In the winter, Megumi is stricken with a cold which stubbornly lingers, and it turns into a hacking cough that seems to rattle his bones. The pharmacist prescribes him a bottle of over-the-counter cough syrup, and although Megumi's little face scrunches up in distaste whenever you coax the medicine into him, he swallows it obediently. You think he's only doing it for your benefit. He goes through one bottle. Then another. Both bottles have little effect.
A panicked Tsumiki calls you one night, her calm composure drowned out by the tears clogging her throat. Megumi can't breathe, she says; you can see her bottom lip quivering, her breaths taking on a wet, drowning quality. And he's asking for you and Gojo. The fear in her voice jolts you awake instantly. The haze of sleep slips from your shoulders and falls to the floor like a shawl. You can hear the sound of a dog barking in the background, and you realize that Megumi's throat has swollen until he can only breathe in shallow pants.
I'm coming, you tell her. You struggle to contain the panic filling up your eyes, your lungs, your heart, your mind. You lurch to a sitting position. You pull on a jacket, shove your feet into your shoes. The breath shoots from your lungs in hard bursts.
You call Satoru with trembling fingers. Sometimes, it feels as though the two of you are children playing at parents, at being adults. The two of you are in high school, but you've as good as taken two children under your wing, yours in all but name. Questioning glances are slid your way whenever the two of you venture out with Megumi and Tsumiki in tow, assumptions and judgments made by people passing by in a blur of faces and features.
You're a coward. You don't dare to ask what this is. Why Satoru is playing family with you, and with two orphaned children. You don't dare to put a name to the emotions weighing down the air whenever you and Satoru spend time together. It's a fragile connection, and you don't dare break it.
Satoru picks up on the first ring, much to your relief. He's been known to dodge calls – but not from you, never from you. Satoru, you cry, the panic you feel seeping out into your voice. Megumi's sick, and I'm taking him to the hospital.
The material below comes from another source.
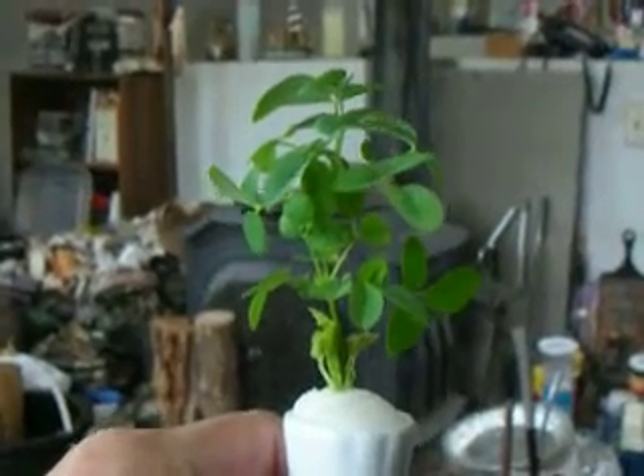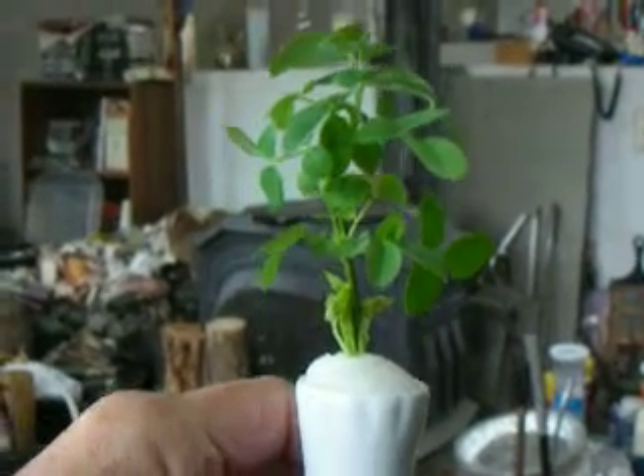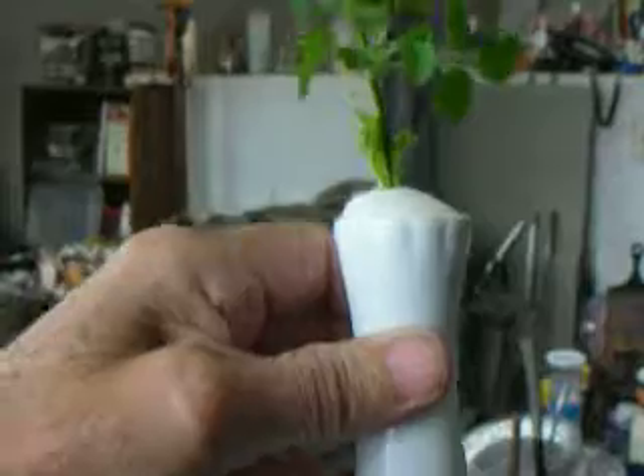This is the story of a miniature rose that I rooted right in this vase. It only took nine days from the time I put it in the vase to the time that it rooted.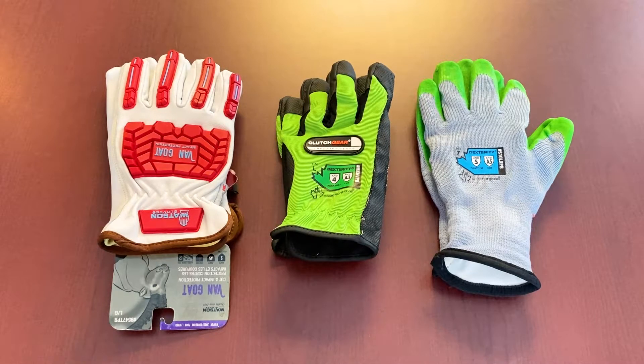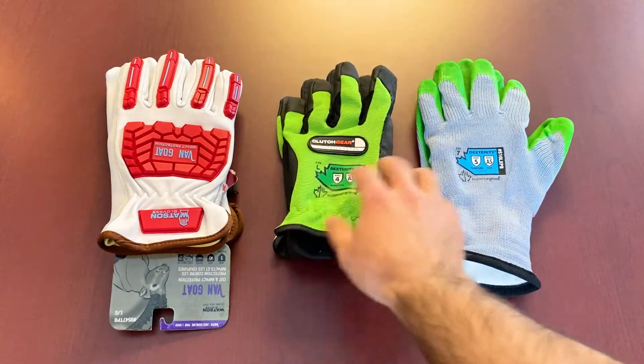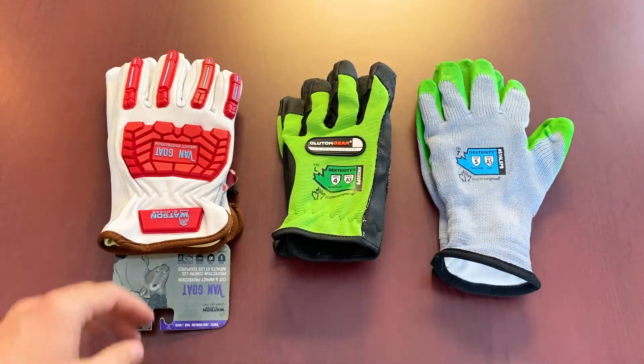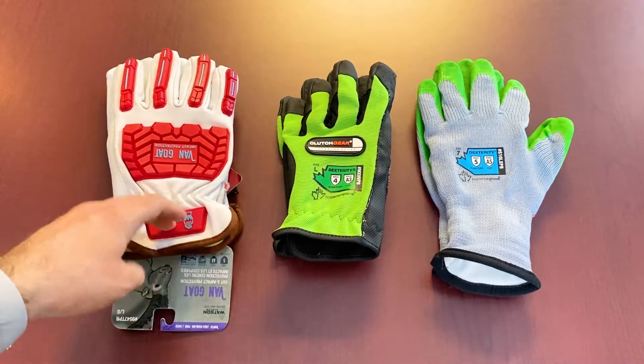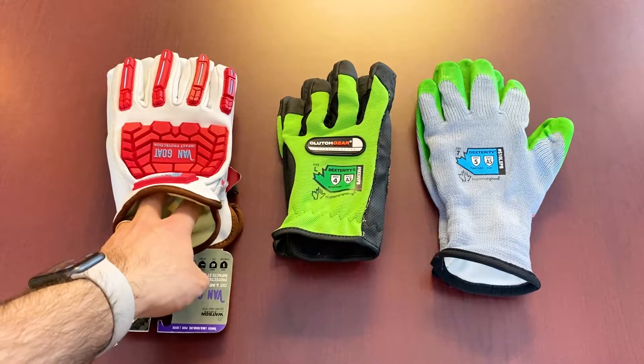Puncture resistance is something that has been surrounded by some ambiguity over the last good few years, even though the standard has been around for a little bit. Some of the things to mainly keep in mind when thinking about getting some puncture resistant gloves is how this rating is measured. We've got a couple of gloves here — you can see some of them have the rating on the back, and some gloves you're gonna find the rating deep inside a tag. This is an example of a glove that has the tag on the inner part.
I'll meet you there, Satoru promises, and you take comfort from the quiet vow.
In a terror worse than anything you've ever known, you drive down to the house of your charges. Tsumiki's already bundled up in a pink princess coat, but it takes you time to change Megumi, who flutters in and out of consciousness, his skin scalding and his cheeks flushed an alarming shade of pink.
It's okay, you tell Tsumiki, sounding more confident than you feel. Everything's going to be okay. Satoru's meeting us at the hospital. It'll be okay.
You scoop up Megumi, and usher both of them into the car. You must run at least a dozen red lights on your desperate drive down. You're sitting in the driver's seat, trying not to crash the car, trying to keep up a calm composure for the sake of the children in the backseat, but your heart is pounding, your stomach is sick.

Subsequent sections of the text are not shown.